Работать с мыслями я ещё не умел, так что и у них была вольница. Прилетали и улетали.
И ещё одну степень свободы дала мне целина. Я научился работать. Овладел основными рабоче-строительными навыками, умел орудовать топором, класть шифер, ставить опалубку, готовить цементный раствор и всякое другое. Привык к этой тягости, переходящей в радость, к этой особой упряжи нрава. Почувствовал и поэзию трудовой самоотдачи, и растворение личности в общем деле… Это была витаминизация свободой созидать – на всю жизнь.
Полуразрешённая культура
Почти во всё время моей учёбы на мехмате у нас был довольно либеральный партком, который смотрел сквозь пальцы на различные наши культурные мероприятия, поэтому можно было порою делать то, чего не дозволялось в других местах.
Иногда, например, у нас устраивали необычные для советских времён выставки. Запомнилась выставка Николая Недбайло, рисовавшего в наивной манере (портреты большеглазых девушек и т.п.), никак не соответствовавшей идеологии соцреализма. Понравились картины Николая Фоменко, полные топологических озарений. Сейчас он академик (известный широкой публике своим переиначиванием мировой истории), а тогда заканчивал или только что закончил мехмат.
Многое организовывал факультетский КИВ (Клуб интересных встреч, в работе которого я активно участвовал), созданный и вдохновляемый худощавым, с курчавой шевелюрой, Валентином Гефтером.
Самым ярким событием, по-моему, стал первый в СССР вечер памяти Мандельштама в 1965 году121. Он проходил в аудитории 16—10, спускавшейся крутым амфитеатром к длинному преподавательскому столу и забитой в тот день до предела. Сидели на лесенках и даже на подоконниках вверху. Естественный ажиотаж: на этот вечер собрался цвет свободной литературы. Вёл его Илья Эренбург. Выступали Варлам Шаламов, Арсений Тарковский и многие другие, кого не так-то просто было увидеть и услышать. Мне довелось встречать и провожать гостей. Помню свой трепет, когда я ехал в лифте с Эренбургом и даже беседовал с ним. И он благодарил нас за этот вечер!..
На вечере была Надежда Яковлевна Мандельштам. Она сидела в середине аудитории, теребила подаренный ей букетик цветов. Когда Эренбург сообщил, что она здесь, и все устроили овацию, она встала и, отказавшись спуститься вниз, негромко сказала:
– Спасибо. Не обращайте внимания на меня, пожалуйста. Я ещё не привыкла к почестям.

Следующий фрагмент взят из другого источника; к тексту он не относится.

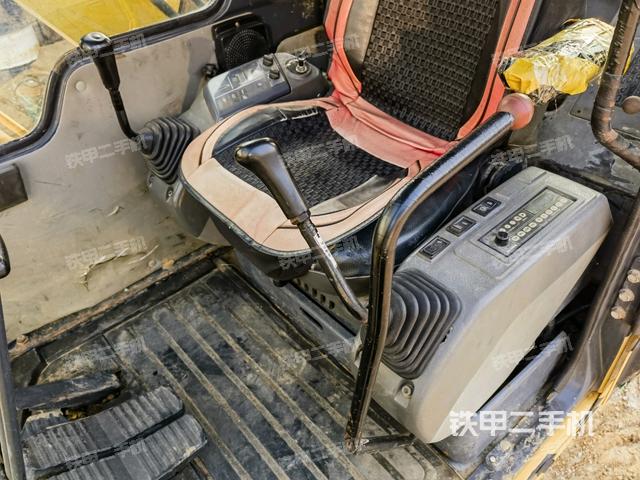 座椅左側(cè)控制臺(tái)/音響/含左手柄（駕駛室部分）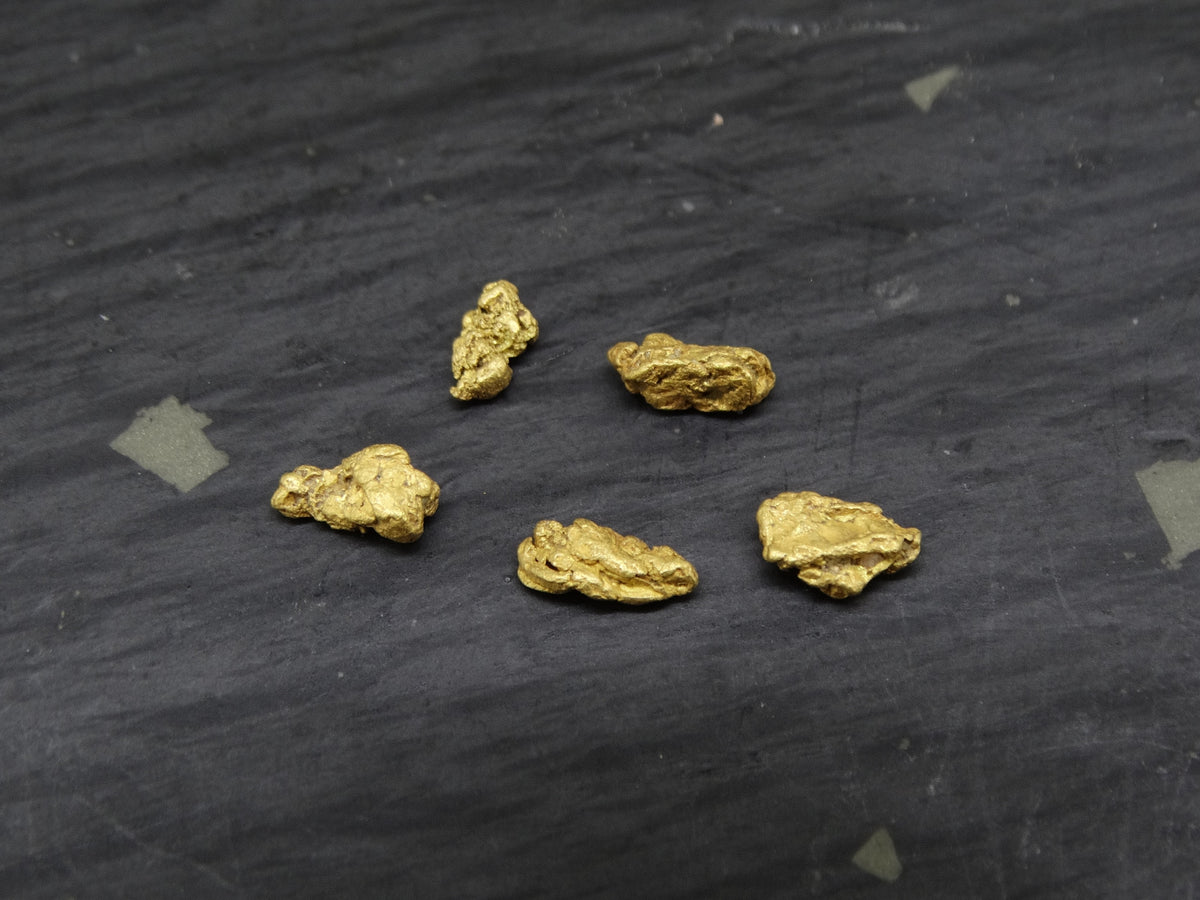 Scottish Highlands Gold Large 'Picker' Nuggets, 2015 - 0.980g image 0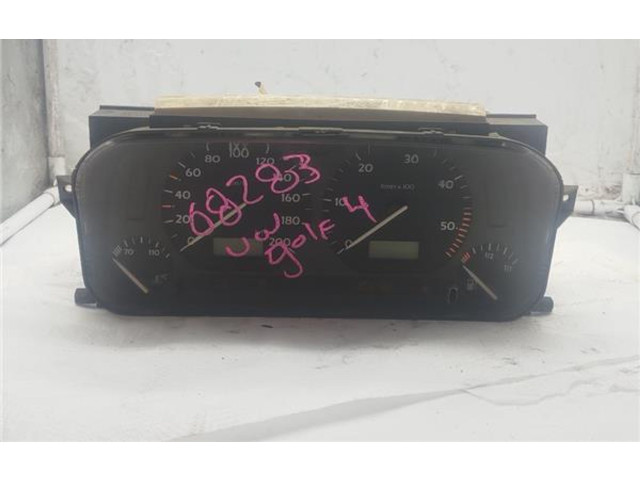 Панель приборов 87001262, 87001262 Volkswagen Golf III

И Осип Эмильевич писал: «Я к величаньям не привык…».
Это тихое и гордое «ещё» нас всех тронуло.
Поразило выступление Шаламова. Он читал «Шерри-бренди» – рассказ, посвящённый смерти Мандельштама в лагере, сам по себе трагичный и вызывающий, но особенно волнующий в исполнении автора, высокого, корявого, с какой-то изломанной жестикуляцией, нервно переживающего каждую свою фразу.

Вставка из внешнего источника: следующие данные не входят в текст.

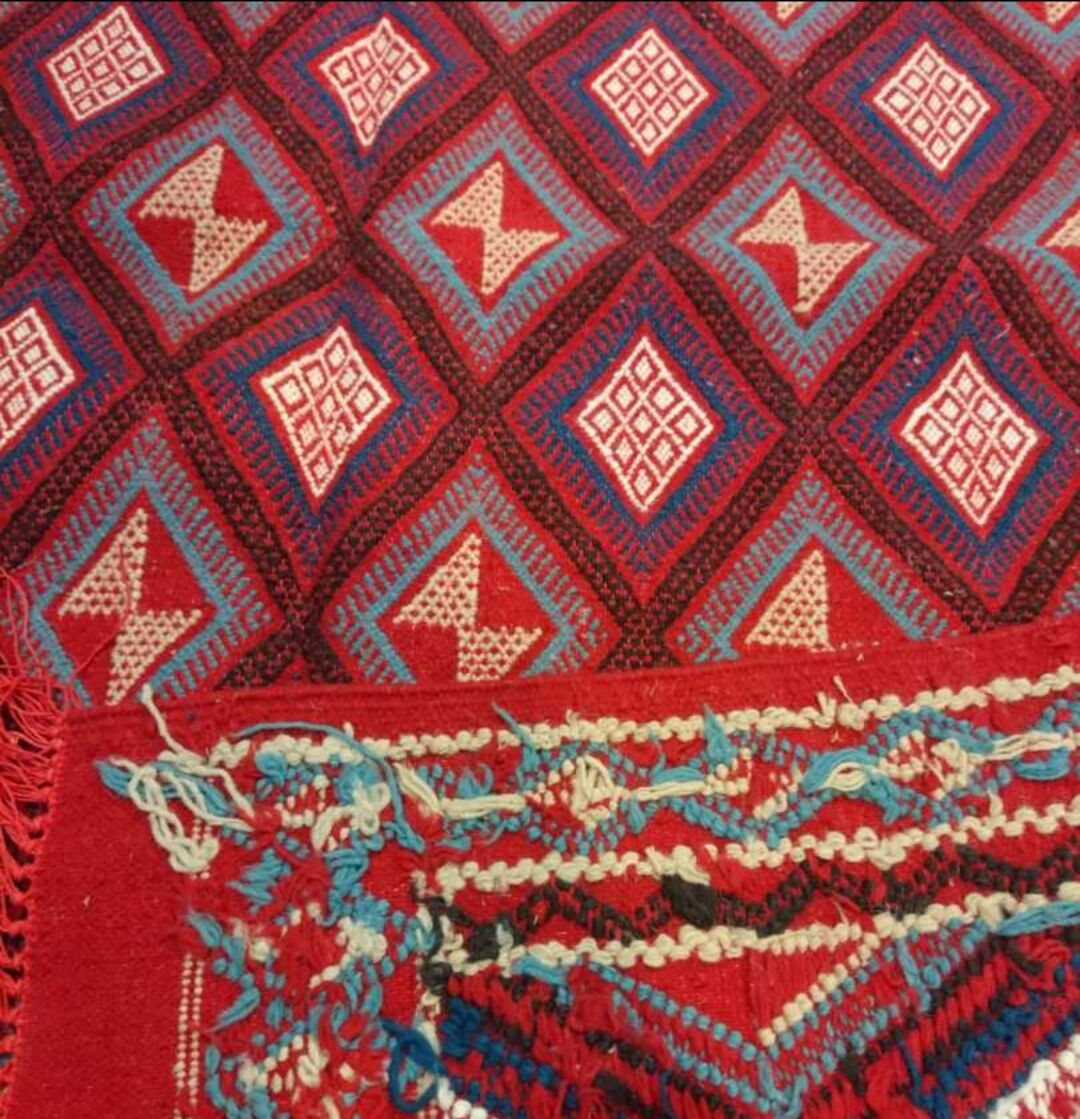 Red mergoum carpets woven by hand 172x240cm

В середине рассказа Эренбургу пришла записка, он её прочитал и молча сунул в карман. Потом я узнал, что кто-то из нашего партийного начальства забеспокоился и просил Илью Григорьевича «тактично прервать это выступление». Он тактично… этого не сделал. А в заключение высказал надежду, что этот вечер поможет приблизить издание книги поэта.